Bitcoin bounced above $110,000 after a softer-than-expected U.S. CPI print rekindled risk appetite. BTC is hovering near $110.3K–$111.6K intraday on major feeds as traders price a higher likelihood of Fed cuts into year-end. Altcoins continue to trail, with “bitcoin season” signals flashing across multiple indices.

Macro driver: CPI came in soft

The September CPI rose 0.3% m/m (vs. 0.4% expected) and 3.0% y/y (vs. 3.1% expected); core CPI printed 0.2% m/m (vs. 0.3% expected) and 3.0% y/y. The release—issued despite data disruptions—tilted markets toward easier policy into the final two FOMC meetings of 2025 and pushed BTC higher on the headline.

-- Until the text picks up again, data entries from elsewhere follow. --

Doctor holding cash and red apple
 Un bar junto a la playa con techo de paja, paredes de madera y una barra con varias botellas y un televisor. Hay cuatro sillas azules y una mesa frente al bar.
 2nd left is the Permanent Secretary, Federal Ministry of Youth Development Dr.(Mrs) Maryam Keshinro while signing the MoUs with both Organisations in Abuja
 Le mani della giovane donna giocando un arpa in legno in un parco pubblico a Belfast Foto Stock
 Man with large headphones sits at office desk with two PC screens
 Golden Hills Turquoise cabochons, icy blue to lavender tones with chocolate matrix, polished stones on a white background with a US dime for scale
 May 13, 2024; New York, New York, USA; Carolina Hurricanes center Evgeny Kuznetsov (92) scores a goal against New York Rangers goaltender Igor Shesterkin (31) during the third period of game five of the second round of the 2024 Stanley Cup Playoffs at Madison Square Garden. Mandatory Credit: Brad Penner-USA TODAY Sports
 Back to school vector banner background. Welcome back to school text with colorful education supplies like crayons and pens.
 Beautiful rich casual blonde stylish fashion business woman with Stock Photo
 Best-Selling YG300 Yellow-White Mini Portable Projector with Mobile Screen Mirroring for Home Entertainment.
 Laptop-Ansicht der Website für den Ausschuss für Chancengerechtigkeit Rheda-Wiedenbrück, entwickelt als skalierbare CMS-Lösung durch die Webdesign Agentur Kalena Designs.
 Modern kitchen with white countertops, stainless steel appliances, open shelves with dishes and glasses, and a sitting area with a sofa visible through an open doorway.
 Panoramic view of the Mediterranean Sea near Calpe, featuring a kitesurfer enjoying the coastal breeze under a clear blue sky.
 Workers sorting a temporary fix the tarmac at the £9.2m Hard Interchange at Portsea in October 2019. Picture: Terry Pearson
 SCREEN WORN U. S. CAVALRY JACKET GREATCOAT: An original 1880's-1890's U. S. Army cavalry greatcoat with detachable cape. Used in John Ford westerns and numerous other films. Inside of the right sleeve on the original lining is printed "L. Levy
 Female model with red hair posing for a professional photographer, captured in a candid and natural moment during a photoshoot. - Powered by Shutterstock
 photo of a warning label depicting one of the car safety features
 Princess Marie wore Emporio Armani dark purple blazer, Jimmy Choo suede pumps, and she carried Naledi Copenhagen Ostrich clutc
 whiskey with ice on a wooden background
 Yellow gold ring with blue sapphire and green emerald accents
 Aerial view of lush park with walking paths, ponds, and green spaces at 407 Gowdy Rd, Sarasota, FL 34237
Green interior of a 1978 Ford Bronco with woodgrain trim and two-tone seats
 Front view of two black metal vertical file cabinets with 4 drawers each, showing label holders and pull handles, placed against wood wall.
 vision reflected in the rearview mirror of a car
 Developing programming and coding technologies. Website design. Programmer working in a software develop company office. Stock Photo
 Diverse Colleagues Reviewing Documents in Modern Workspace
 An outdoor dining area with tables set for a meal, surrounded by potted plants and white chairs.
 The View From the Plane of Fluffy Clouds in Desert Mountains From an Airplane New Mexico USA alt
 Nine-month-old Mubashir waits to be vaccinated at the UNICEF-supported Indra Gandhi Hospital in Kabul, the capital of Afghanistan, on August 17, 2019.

Price action: BTC steady, ETH firmer, alts lag

BTC reclaimed $110K and added to earlier gains; ETH tracked toward $3.9K–$4.0K but failed to lead. CoinDesk’s real-time board showed majors green, yet breadth stayed narrow and altcoins underperformed. Bitcoin dominance has crept up as the altcoin season index fell to low-20s/100, underscoring rotation back to BTC quality.

Positioning & volatility

Thirty-day BTC implied volatility eased from ~52% to ~45%, reversing last week’s spike. Dealer gamma is positive in the $112K–$120K band, implying damped swings there, while puts still price richer than calls—a tell that investors are buying protection even as spot grinds higher. Funding is mixed to slightly negative in select alts, consistent with a defensive tilt.

Flows and context

After hefty ETF outflows last week and a summer of record inflows, flows remain choppy but directionally important for spot. The broader 2025 up-leg was propelled by ETF demand and macro/liquidity tailwinds, while the latest CPI surprise adds incremental support without resolving positioning caution.

What to watch next

  • Fed path: A dovish follow-through (guidance or cuts) would validate the CPI move; a hawkish pushback could cap BTC near $112K–$120K gamma zone.
  • Skew & IV: A sustained narrowing of put-call skew plus softening IV would signal risk appetite broadening beyond BTC.
  • Alt breadth: The altcoin season index <25/100 and rising dominance argue patience on high-beta alts until liquidity improves.
  • Levels: Support $108K–$110K; resistance $115K–$120K (dealer gamma corridor).

Conclusion

A softer CPI reset the macro backdrop just enough for BTC to reclaim $110K, but the quality-over-beta regime persists: implied vol cooled, skew stays protective, and alts lag. For a durable risk-on phase, look for improving breadth (altcoin index rising), a funding flip positive, and ETF inflows resuming alongside dovish confirmation from the Fed. Until then, bias remains constructive for BTC, selective elsewhere.

Disclaimer

This article is for informational purposes only and does not constitute investment, trading, or legal advice. Digital assets are volatile and can result in total loss. Do your own research.